Sincero e espontâneo, Richarlison voltou a vestir a camisa da Seleção Brasileira após mais de um ano e meio afastado e não poupou palavras ao comentar o conturbado período vivido pela equipe desde o fim da Copa do Mundo de 2022. Em entrevista, o camisa 9 falou sobre críticas, pressões e sua relação visceral com a Amarelinha, marcada por 20 gols em 49 partidas — marca que o coloca como o terceiro maior artilheiro em atividade pela Seleção.

“Sei lá, esse meio político da CBF e tudo mais, a imprensa atacava todo mundo, era uma bagunça danada, o treinador não tinha tempo para trabalhar”, afirmou o atacante. “Creio que agora deu uma mudada. O Mister vai ter um pouco mais de tempo… Eu estava machucado, doido para estar aqui e ajudar, mas naquele momento não podia fazer nada. Era muita coisa envolvida em torno de nós, jogadores.”

As declarações reforçam críticas feitas anteriormente por Danilo e miram diretamente a gestão do ex-presidente da CBF, Ednaldo Rodrigues. Durante o período, Richarlison foi convocado por três treinadores, mas só não atuou com Dorival Júnior, atual comandante. Lesões o tiraram dos amistosos contra Inglaterra e Espanha, além de afastá-lo da lista inicial para a Copa América.

O retorno de Richarlison à Seleção teve aval do técnico Carlo Ancelotti, com quem o atacante viveu seu melhor momento na Europa, pelo Everton, entre 2019 e 2021. “Montamos um bom time, fazia anos que não venciam o Liverpool na casa deles e conseguimos. Foi uma temporada com muitos gols. Fiquei feliz com a chegada de um cara vencedor, que tem tudo para vencer na Seleção também”, disse o atacante.

Apesar da titularidade no empate sem gols contra o Equador, Richarlison não conseguiu encerrar o jejum que já dura desde as oitavas de final da Copa do Mundo de 2022, contra a Coreia do Sul. Após a partida, reconheceu sua atuação discreta: “Sabíamos que seria um jogo difícil, mas quando termina 0 a 0 as pessoas logo olham para o ataque. Não tivemos tantas oportunidades.”
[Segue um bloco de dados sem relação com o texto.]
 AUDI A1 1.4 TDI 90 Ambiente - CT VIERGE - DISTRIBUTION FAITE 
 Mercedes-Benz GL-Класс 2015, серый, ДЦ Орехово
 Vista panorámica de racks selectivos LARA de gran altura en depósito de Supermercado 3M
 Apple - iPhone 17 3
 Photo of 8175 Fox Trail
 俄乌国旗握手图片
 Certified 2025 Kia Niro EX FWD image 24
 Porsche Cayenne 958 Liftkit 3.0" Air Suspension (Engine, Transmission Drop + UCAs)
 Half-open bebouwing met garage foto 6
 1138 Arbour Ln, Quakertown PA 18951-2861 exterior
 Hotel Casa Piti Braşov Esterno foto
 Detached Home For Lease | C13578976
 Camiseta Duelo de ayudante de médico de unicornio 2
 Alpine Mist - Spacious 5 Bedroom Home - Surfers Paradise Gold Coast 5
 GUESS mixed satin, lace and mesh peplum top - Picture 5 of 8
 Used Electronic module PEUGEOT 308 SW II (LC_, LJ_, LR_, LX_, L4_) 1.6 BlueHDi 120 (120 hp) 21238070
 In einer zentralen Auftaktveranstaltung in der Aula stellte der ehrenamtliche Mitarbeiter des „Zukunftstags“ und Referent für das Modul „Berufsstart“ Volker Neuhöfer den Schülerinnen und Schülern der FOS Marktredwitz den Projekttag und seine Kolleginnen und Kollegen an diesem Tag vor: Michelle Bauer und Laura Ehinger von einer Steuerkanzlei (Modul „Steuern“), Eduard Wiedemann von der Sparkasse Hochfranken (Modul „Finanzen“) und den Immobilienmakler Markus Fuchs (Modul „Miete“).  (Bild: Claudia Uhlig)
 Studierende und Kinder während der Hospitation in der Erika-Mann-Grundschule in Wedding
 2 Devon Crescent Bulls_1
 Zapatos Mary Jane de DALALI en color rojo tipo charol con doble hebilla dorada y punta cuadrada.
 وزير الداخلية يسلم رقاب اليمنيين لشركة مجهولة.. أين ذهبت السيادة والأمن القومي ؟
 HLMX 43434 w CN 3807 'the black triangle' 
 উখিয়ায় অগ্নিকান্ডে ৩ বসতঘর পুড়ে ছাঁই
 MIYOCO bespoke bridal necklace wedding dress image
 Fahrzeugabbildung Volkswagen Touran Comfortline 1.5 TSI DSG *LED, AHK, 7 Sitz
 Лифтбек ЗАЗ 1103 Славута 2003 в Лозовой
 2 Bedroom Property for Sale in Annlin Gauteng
Na próxima terça-feira (11), o Brasil enfrenta o Paraguai, às 21h45, na Neo Química Arena, em São Paulo, pela 16ª rodada das Eliminatórias da Copa do Mundo de 2026. Richarlison pode completar 50 jogos com a Seleção e, caso marque, igualará Philippe Coutinho como segundo maior artilheiro em atividade — atrás apenas de Neymar, com 78 gols.

Com vaga no Mundial encaminhada, a Seleção depende de uma vitória e de um tropeço da Venezuela contra o Uruguai para garantir a classificação de forma antecipada. Para Richarlison, a missão vai além dos números. “Estamos ali para honrar a camisa. Se formos campeões da Copa do Mundo, também seremos ídolos como aqueles que já ganharam tudo. A pressão existe, mas amamos vestir essa camisa”, concluiu.